■ GIVEN INFORMATION
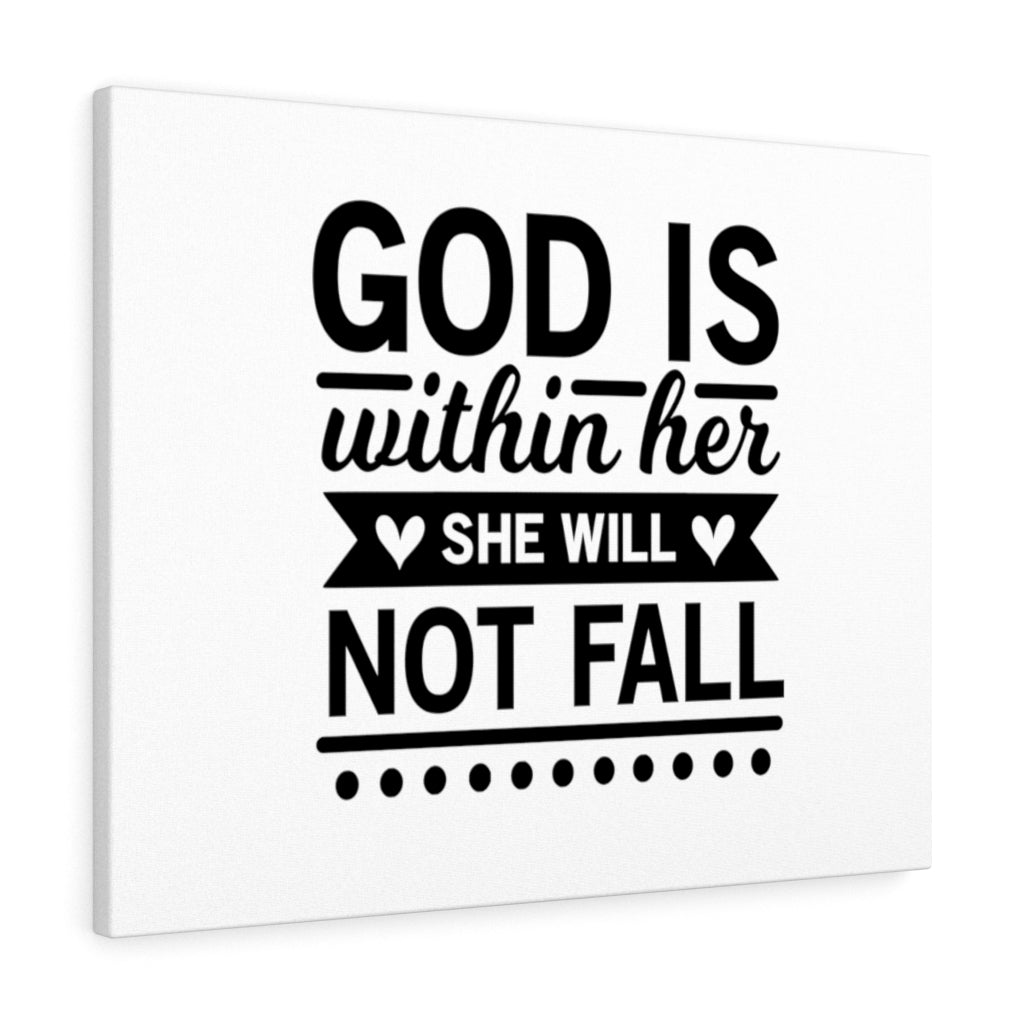 Scripture Walls She Will Not Fall Bible Verse Canvas Christian Wall Art Ready to Hang Unframed-Express Your Love Gifts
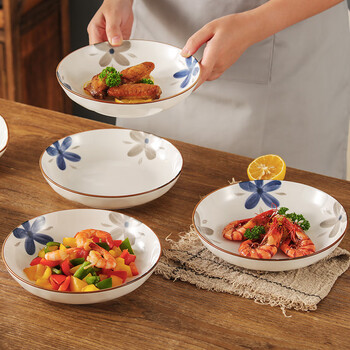 Hechuaya ceramic plate household underglaze japanese-style plate 8-inch soup plate dish plate 4 pieces antique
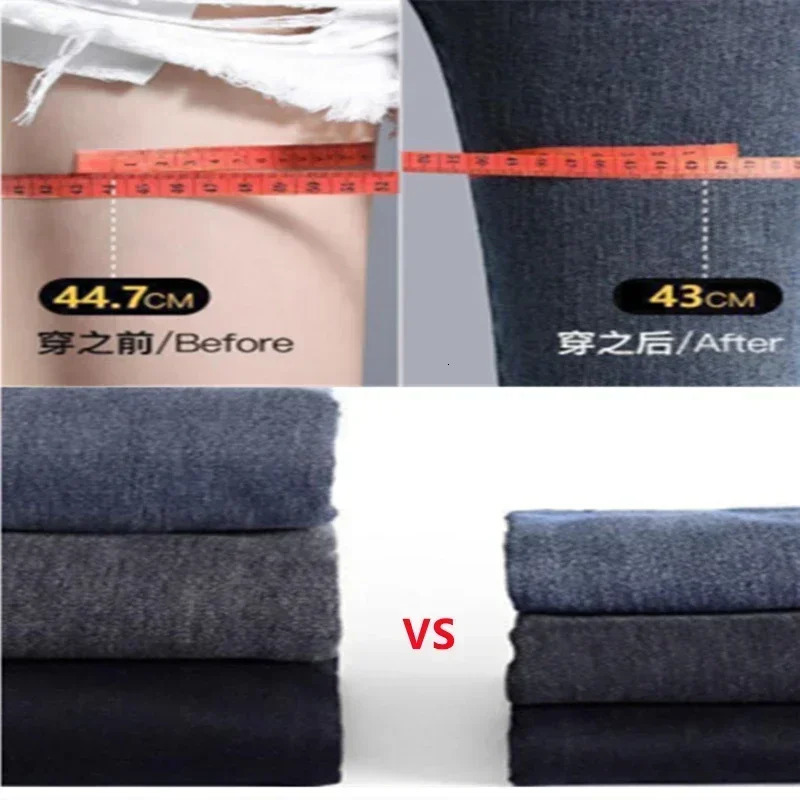 Spring/Summer Tight Warm Jeans Womens Velvet Ankle Length Casual Thick Pencil Pants Basic Wool Denim Jeans 241122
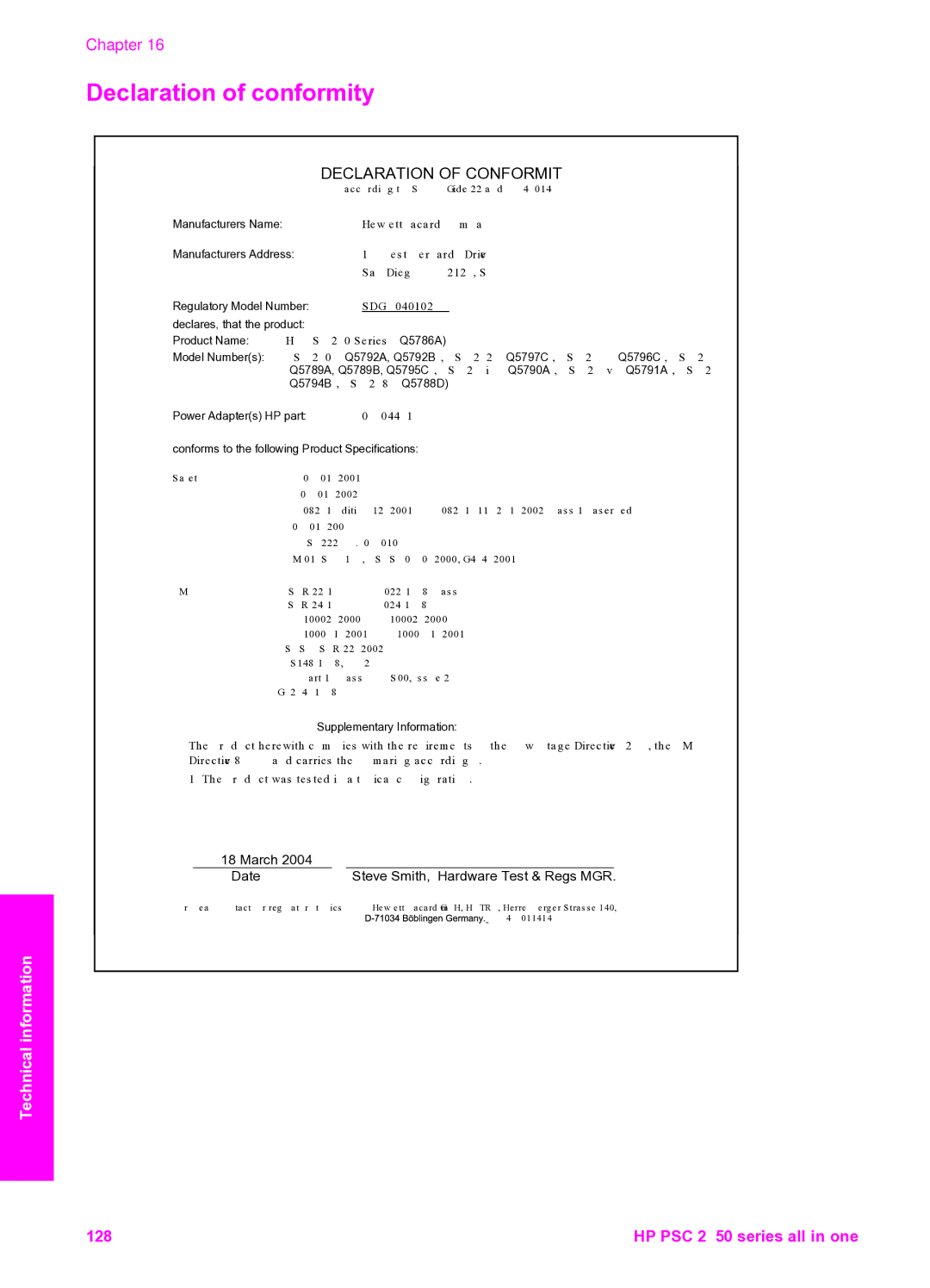 HP 2350, 2355v manual Declaration of conformity, Declaration of Conformity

■ TRY IT
Restate all of the material word for word, leaving every picture out.

■ TASK SOLUTION
 Scripture Walls She Will Not Fall Bible Verse Canvas Christian Wall Art Ready to Hang Unframed-Express Your Love Gifts
 Hechuaya ceramic plate household underglaze japanese-style plate 8-inch soup plate dish plate 4 pieces antique
 Spring/Summer Tight Warm Jeans Womens Velvet Ankle Length Casual Thick Pencil Pants Basic Wool Denim Jeans 241122
 HP 2350, 2355v manual Declaration of conformity, Declaration of Conformity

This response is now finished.